Top of Material to process

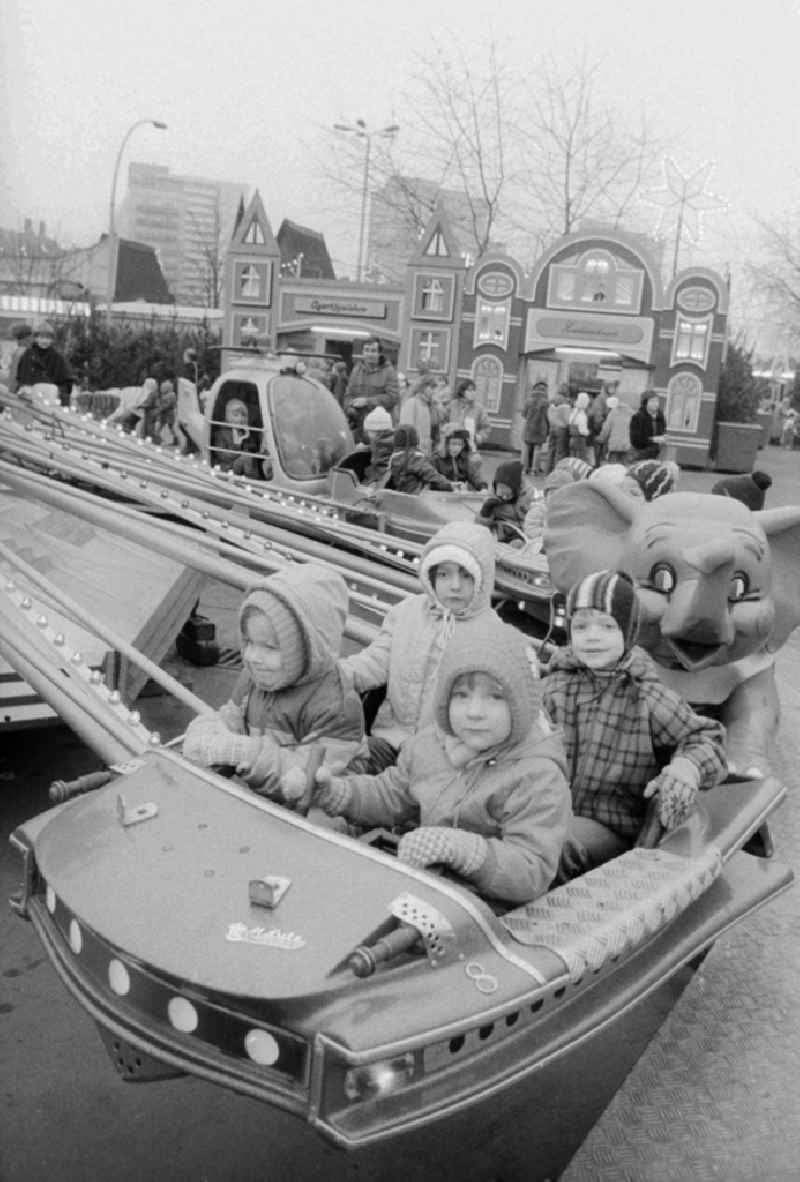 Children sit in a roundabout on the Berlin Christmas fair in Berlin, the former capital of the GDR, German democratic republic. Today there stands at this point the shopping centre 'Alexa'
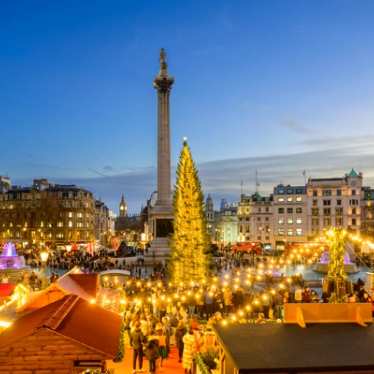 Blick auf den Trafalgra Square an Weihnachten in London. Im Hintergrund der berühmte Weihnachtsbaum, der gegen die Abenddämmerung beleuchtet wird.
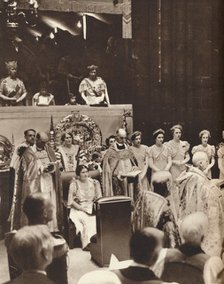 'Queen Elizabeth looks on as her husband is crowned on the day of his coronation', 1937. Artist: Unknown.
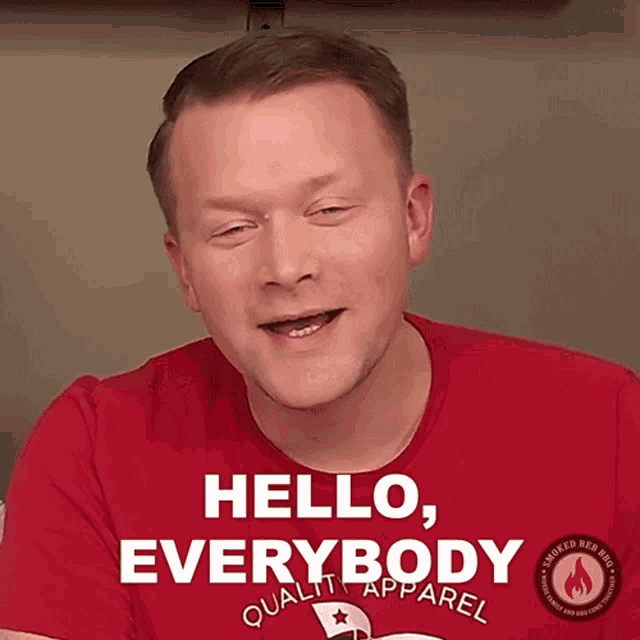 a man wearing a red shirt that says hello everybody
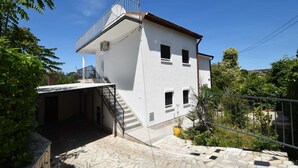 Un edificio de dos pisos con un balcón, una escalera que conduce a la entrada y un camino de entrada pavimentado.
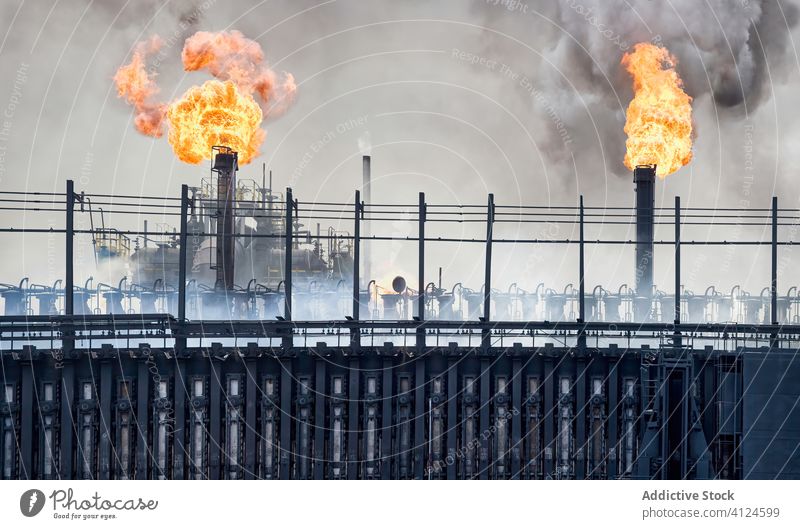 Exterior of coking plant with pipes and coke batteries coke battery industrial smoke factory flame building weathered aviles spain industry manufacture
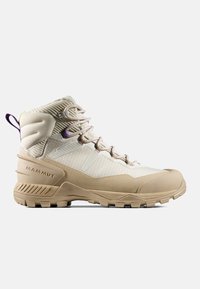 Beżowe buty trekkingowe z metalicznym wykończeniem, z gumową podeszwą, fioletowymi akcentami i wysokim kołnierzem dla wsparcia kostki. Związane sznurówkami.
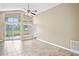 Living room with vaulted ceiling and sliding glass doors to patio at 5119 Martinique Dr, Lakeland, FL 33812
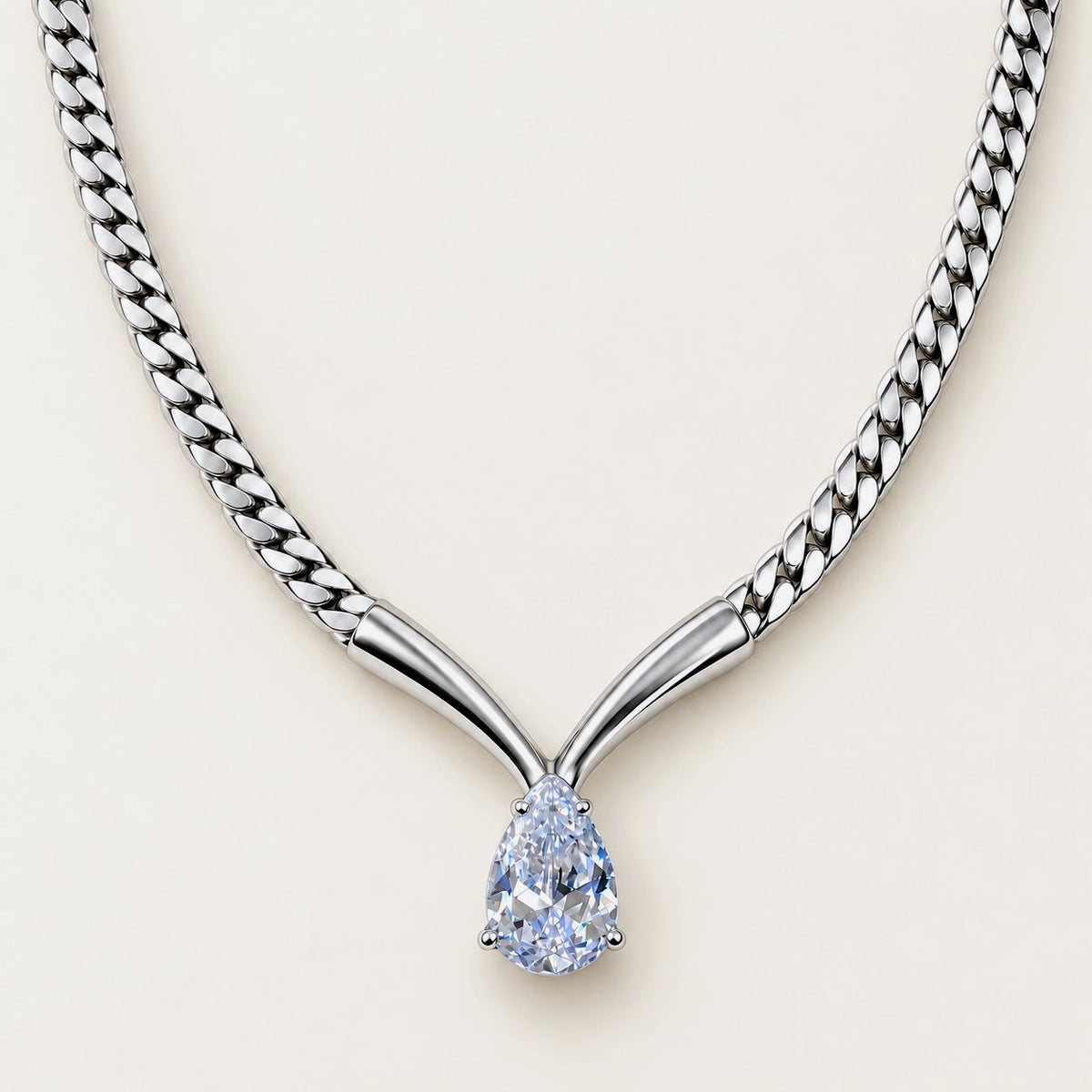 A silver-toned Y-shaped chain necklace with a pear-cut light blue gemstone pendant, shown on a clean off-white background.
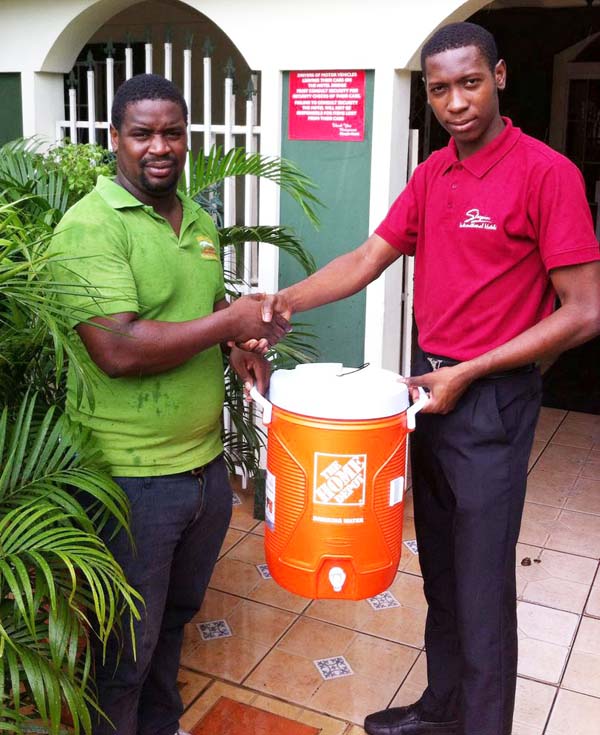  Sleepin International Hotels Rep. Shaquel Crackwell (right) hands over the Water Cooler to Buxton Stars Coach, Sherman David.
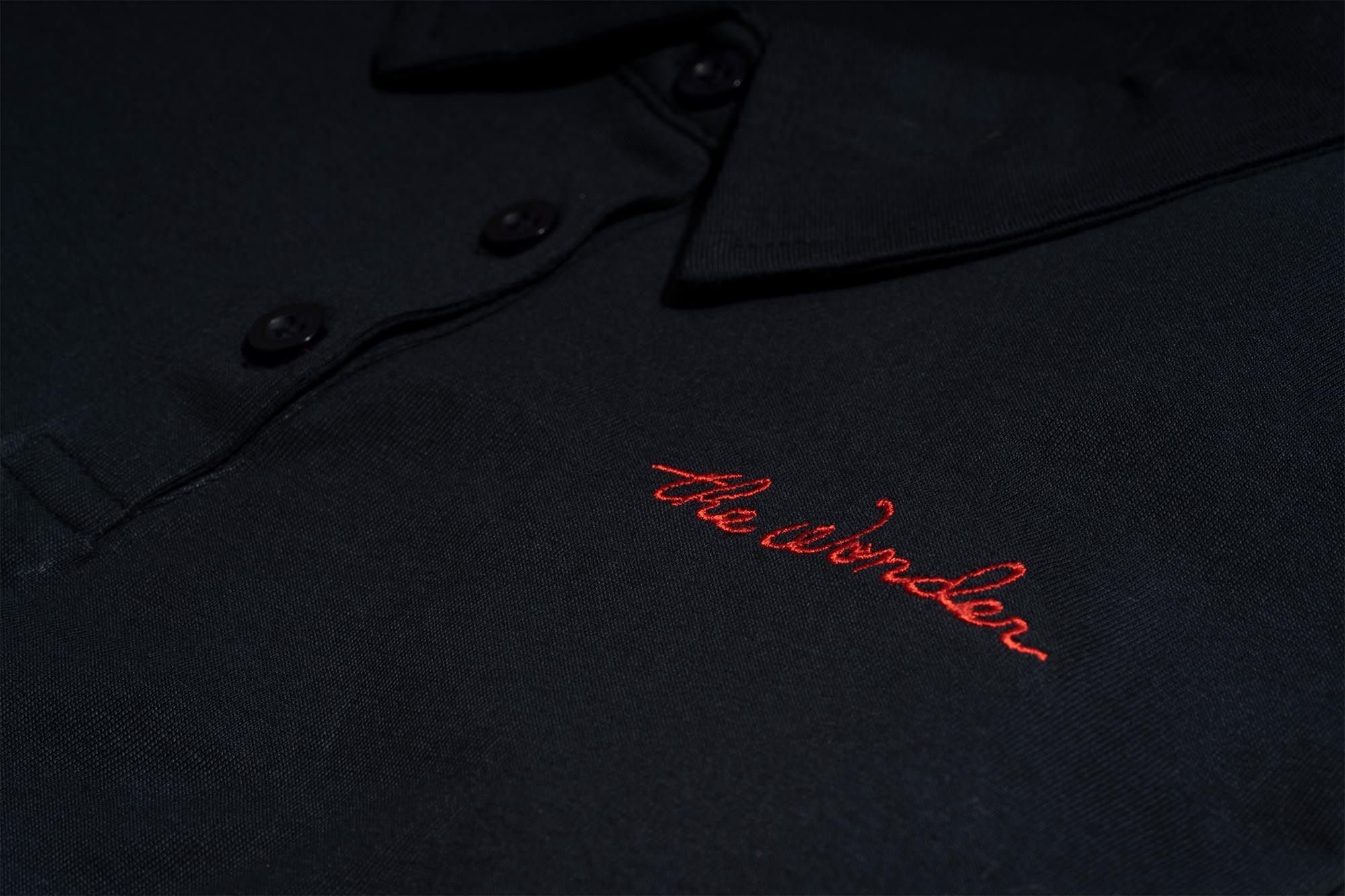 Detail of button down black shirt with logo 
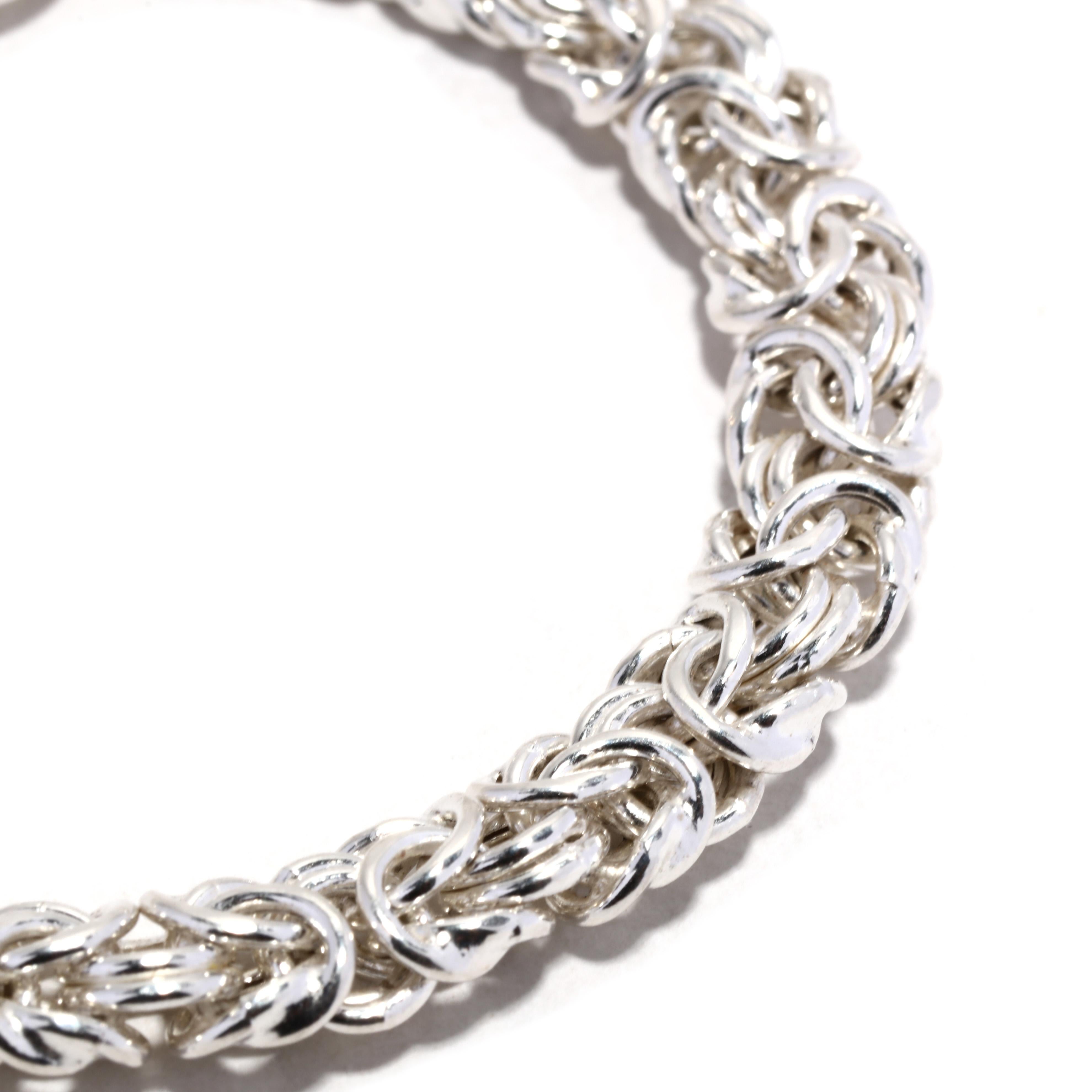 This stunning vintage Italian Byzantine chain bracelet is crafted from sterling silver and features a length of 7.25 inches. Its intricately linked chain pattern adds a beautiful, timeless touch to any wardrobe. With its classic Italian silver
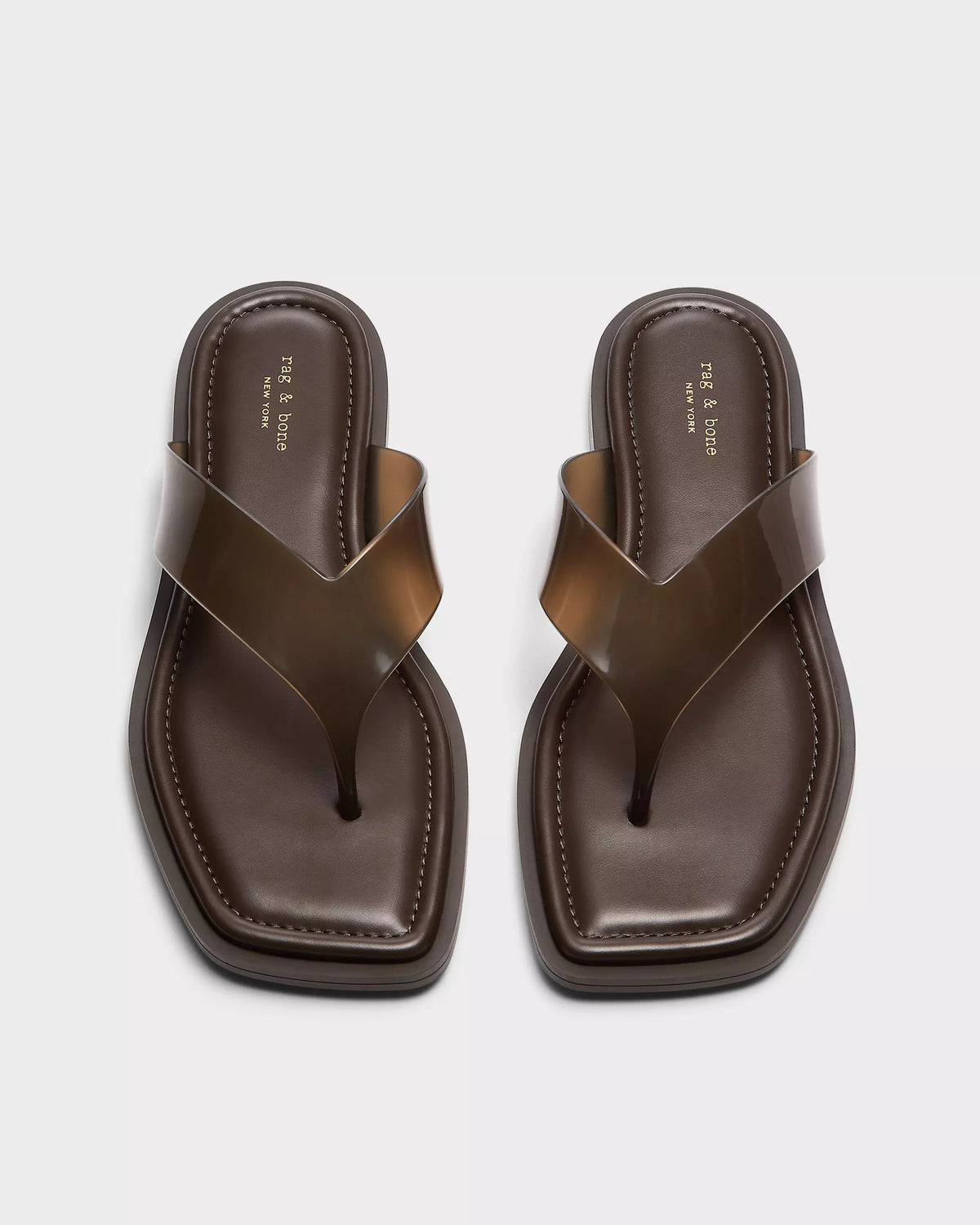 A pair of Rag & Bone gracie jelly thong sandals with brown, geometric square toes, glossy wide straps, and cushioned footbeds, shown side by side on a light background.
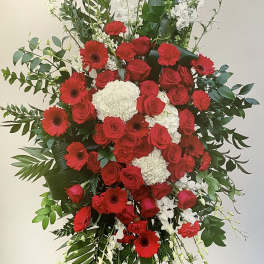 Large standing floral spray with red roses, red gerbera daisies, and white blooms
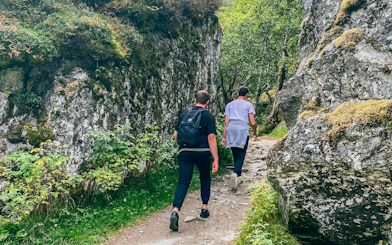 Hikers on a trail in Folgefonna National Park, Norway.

Bottom of Material to process

Exercise goal | Since the pictures don't belong in the copy, copy only the rest of the entries above exactly.

Answer section |
 Children sit in a roundabout on the Berlin Christmas fair in Berlin, the former capital of the GDR, German democratic republic. Today there stands at this point the shopping centre 'Alexa'
 Blick auf den Trafalgra Square an Weihnachten in London. Im Hintergrund der berühmte Weihnachtsbaum, der gegen die Abenddämmerung beleuchtet wird.
 'Queen Elizabeth looks on as her husband is crowned on the day of his coronation', 1937. Artist: Unknown.
 a man wearing a red shirt that says hello everybody
 Un edificio de dos pisos con un balcón, una escalera que conduce a la entrada y un camino de entrada pavimentado.
 Exterior of coking plant with pipes and coke batteries coke battery industrial smoke factory flame building weathered aviles spain industry manufacture
 Beżowe buty trekkingowe z metalicznym wykończeniem, z gumową podeszwą, fioletowymi akcentami i wysokim kołnierzem dla wsparcia kostki. Związane sznurówkami.
 Living room with vaulted ceiling and sliding glass doors to patio at 5119 Martinique Dr, Lakeland, FL 33812
 A silver-toned Y-shaped chain necklace with a pear-cut light blue gemstone pendant, shown on a clean off-white background.
  Sleepin International Hotels Rep. Shaquel Crackwell (right) hands over the Water Cooler to Buxton Stars Coach, Sherman David.
 Detail of button down black shirt with logo 
 This stunning vintage Italian Byzantine chain bracelet is crafted from sterling silver and features a length of 7.25 inches. Its intricately linked chain pattern adds a beautiful, timeless touch to any wardrobe. With its classic Italian silver
 A pair of Rag & Bone gracie jelly thong sandals with brown, geometric square toes, glossy wide straps, and cushioned footbeds, shown side by side on a light background.
 Large standing floral spray with red roses, red gerbera daisies, and white blooms
 Hikers on a trail in Folgefonna National Park, Norway.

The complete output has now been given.